Charlotte neighborhoods have plenty of stories to tell, and during a month of City Walks hundreds of participants heard some of them. See photo slideshow at end of article.
The secret inscription on a statue of an almost forgotten Charlotte heroine. A teacher who gave her life in 1931 trying to save a student. The twin owners of a NoDa burger joint, memorialized in a mural. And the four, count ’em, four different kinds of baklava at an east Charlotte bakery.
We know Charlotte’s neighborhoods have plenty of stories to tell, and hundreds of people who came along on a month of City Walks learned some of those stories.
PlanCharlotte partnered with seven other local organizations to organize 21 walks through Charlotte neighborhoods, starting in April with a history walk through the Elizabeth neighborhood and ending May 29 with a bike ride along the Rail Trail that flanks the city’s light rail tracks. In between, the walks took place in a diverse collection of neighborhoods, among people of differing ages, backgrounds and ethnicities. We attended almost all of those walks, learning alongside the other participants. Some of the things we learned were about historic tidbits, now-demolished landmarks or neighborhood art works you might miss driving by.
But we also learned how much enthusiasm some newcomers to Charlotte have for learning about this city they now call home. We met a retired couple who moved from New Jersey to Mount Holly who attended almost every walk. On a walk through Dilworth neighborhood Mary met a newcomer from suburban Chicago, and a few days later, on a walk through the Elizabeth neighborhood she met a couple from suburban Chicago who turned out to be his parents.
Of course some of the walk participants were long-time residents who could add personal stories along the way. They, too, made the experience more powerful.
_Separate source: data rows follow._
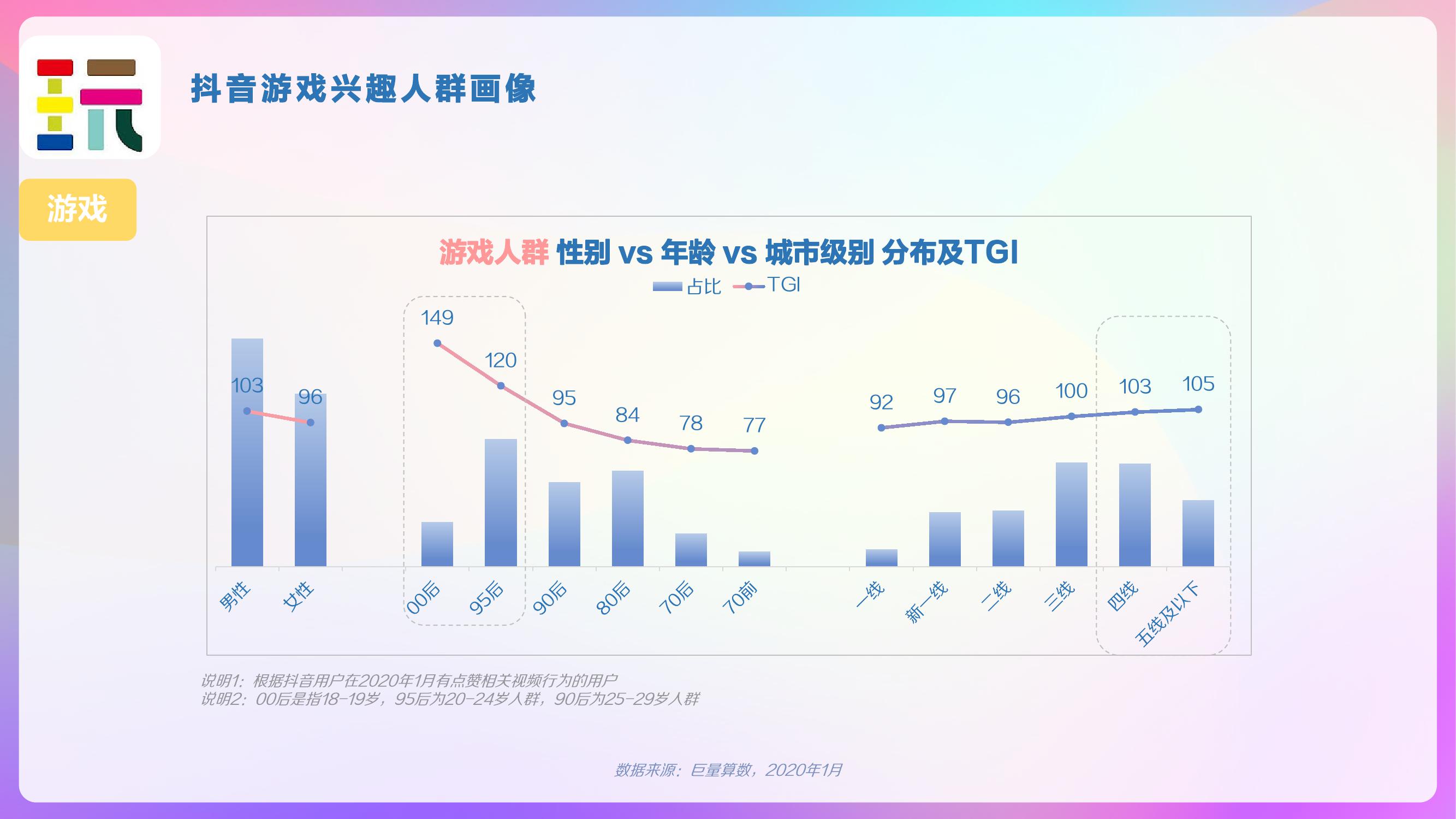 巨量算数：2020年抖音用户画像报告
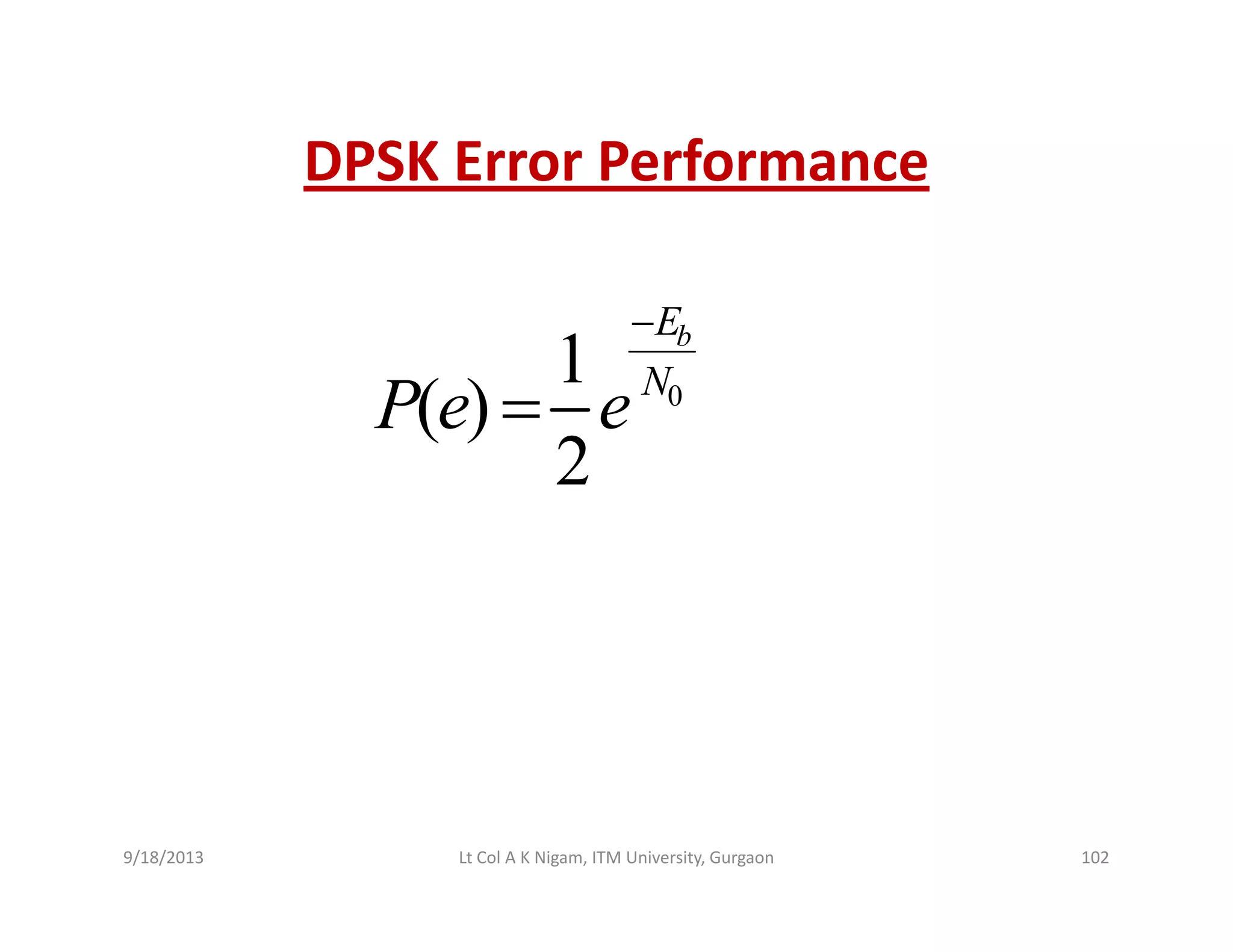 DPSK Error PerformanceDPSK Error Performance
0
1
( )
bE
N
P e e
−
=( )
2
P e e=
9/18/2013 102Lt Col A K Nigam, ITM University, Gurgaon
“Cities aren't structures; cities are people.” — Edward Glaeser, economist and author
We and the walk participants made some interesting connections simply by meeting people and chatting informally during the walks. That’s one important but sometimes overlooked benefit of activities like the City Walks: enriching out field of acquaintances and helping us feel more rooted in the place where they live. And that has value beyond just social networking.
As economist Edward Glaeser wrote in his 201 book, The Triumph of the City, it’s the proximity to other people, a characteristic of dense cities, that spurs innovations—an important component for a healthy economy. “Cities … are proximity, density, closeness,” Glaeser writes. “… For centuries innovations have spread from person to person across crowded city streets … and urban density has long been at the heart of that process.”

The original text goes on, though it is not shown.